I founded the tontaro ($7.50) too salty (coming from a person who loves salt). The yuzu pepper sauce accompanying the grilled pork cheek skewer was just too well seasoned, which is a shame because the tender pork is devoid of flavours and really requires a condiment.


If you’re a fan of oysters, the kakimayo ($8.50) is the dish to order. Plump, large oysters are filled with mushrooms and spinach in a creamy garlic mayonnaise. It’s baked with cheese and served piping hot, Kinka’s version of an oyster Rockefeller.


The flaky gindara ($12) is one of my favourites: the miso marinated black cod grilled to perfection with a crispy skin but the fish’s meat still moist.


Kinka’s gyu carpaccio ($7.20) is a stunning plate, the seared rings around the beef sashimi so fine and even. Sitting in a ponzu soy and covered with wasabi mayo and garlic chips, it’s also a flavourful and refreshing selection.


With the rise in popularity of aburi offerings, Kinka’s North York location also offers blowtorched salmon oshizushi ($12.80). The pressed sushi incorporating a nice ratio of smoky salmon against rice. Personally, I prefer the typical jalapeno garnishes, but the green onion and ginger topping wasn’t bad either.

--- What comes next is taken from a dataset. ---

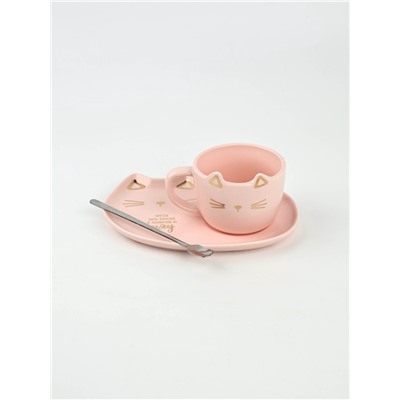 Чайная пара «Мяу»: кружка 200 мл, блюдце 18×11 см, ложка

The end, the hojicha brulee ($5) had a thin sugar crust, enough to add sweetness but not overpower the faint roasted green tea essence within the crème brulee.



Kinka has been having events assuring eaters that nothing has changed except for the renaming (resulting from the end of a franchising agreement). This was certainly highlighted in my experience – the food just as flavourful, menu options still abundant, and prices equally wallet friendly. Lastly, depending on your opinion, their staff just as energetic … to the detriment of my ear drums.  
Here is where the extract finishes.